Consequently, LPS lamps are often limited to security and parking
lot lighting for industrial sites. However, light sources with
better color rendering are favored whenever color discrimination is
more important than energy efficiency such as for certain safety or
monitoring applications, for example.
[0011] As energy costs rise and the cost of producing LEDs fall,
LED lighting systems have become an ever-increasing viable
alternative to the more conventional systems, such as those
employing incandescent, fluorescent, and/or metal-halide bulbs. One
long-felt drawback of LEDs as a practical lighting means had been
the difficulty of obtaining white light from an LED. Two mechanisms
have been supplied to cope with this difficulty. First, multiple
monochromatic LEDs were used in combinations (such as red, green,
and blue) to generate light having an overall white appearance.
More recently, a single LED (typically blue) has been coated with a
phosphor that emits light when activated, or "fired" by the
underlying LED (also known as phosphor-conversion (PC) LEDs). This
innovation has been relatively successful in achieving white light
with characteristics similar to more conventional lighting, and has
widely replaced the use of monochromatic LED combinations in LED
lighting applications. Monochromatic LED color combinations are
more commonly used in video, display or signaling applications
(light to look at), as opposed to being used to illuminate an area
(light to see by). As even a relatively dim light can be seen, the
luminous intensity generated by LEDs in video or display
applications is not a major concern.
[0012] More recently, LEDs have started to be used in high-power
devices, and are no longer limited to smaller uses such as in
indicator lamps. Further, LEDs are generally more energy efficient
than the lighting devices traditionally used in the general
illumination market. As a result, LEDs are considered an attractive
alternative to traditional general lighting devices, and are
encroaching on a variety of applications in the general
illumination market. Light emitted from multiple LEDs having
varying chromaticity can be mixed to generate white light. Despite
relatively narrow emission spectra of each LED, polychromatic color
mixing devices that incorporate four or more primary sources may
cover the entire visible spectrum and accurately render the colors
of illuminated objects. For example, an optimized quadri-chromatic
red-amber-green-blue (RAGB) device has been shown to feature high
values of both the general and all the special color rendering
indices. Further, and notwithstanding recent advances in the field
of phosphor deposition on LEDs, these devices may operate more
efficiently than the phosphor-conversion white LEDs since there is
no energy loss due to conversion.
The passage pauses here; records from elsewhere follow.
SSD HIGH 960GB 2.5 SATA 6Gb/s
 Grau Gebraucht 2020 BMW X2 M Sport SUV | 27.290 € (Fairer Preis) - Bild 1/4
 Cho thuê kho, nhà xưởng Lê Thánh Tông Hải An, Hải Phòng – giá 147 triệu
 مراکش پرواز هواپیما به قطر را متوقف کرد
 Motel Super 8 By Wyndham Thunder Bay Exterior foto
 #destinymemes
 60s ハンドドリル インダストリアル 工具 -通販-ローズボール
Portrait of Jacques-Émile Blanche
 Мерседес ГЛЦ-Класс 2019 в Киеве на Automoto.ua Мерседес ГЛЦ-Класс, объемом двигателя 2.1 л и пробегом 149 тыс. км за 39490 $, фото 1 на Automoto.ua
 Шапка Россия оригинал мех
Additionally, these devices allow
for full color control, the ability to tradeoff between qualitative
characteristics (e.g. efficiency) and quantitative characteristics
(e.g. color rendering, depth perception, etc.), the incorporation
of internal feedback for compensation of chromaticity variations
due to aging, temperature, etc., and the like, and adjustments to
emitted wavelengths due to ambient light conditions, manual
activation, or an automated schedule.
[0013] As a result, a need exists for an improved system and method
for generating light. In particular, a need exists for a system and
method that supplement primary illumination that may comprise a
yellow/amber wavelength range with secondary illumination that may
comprise a red wavelength range or green wavelength range. In this
manner, one or more properties of the generated light may be
adjusted to increase both the energy efficiency and overall
lifespan of the system components while providing for an
enhancement of at least one visual property during a critical
period via combination of the primary and secondary
illumination.
[0014] As a light source of ever increasing choice, LEDs have been
packaged in numerous forms and used in lighting applications.
Special control circuits have been developed to take advantage of
the variability offered by the new light source and are today being
offered as a solution to specific applications. In general however
the design process has not zeroed in on providing the correct
lighting solution. A number of LED illumination devices create
"white" light by combining two or more LEDs of various wavelengths.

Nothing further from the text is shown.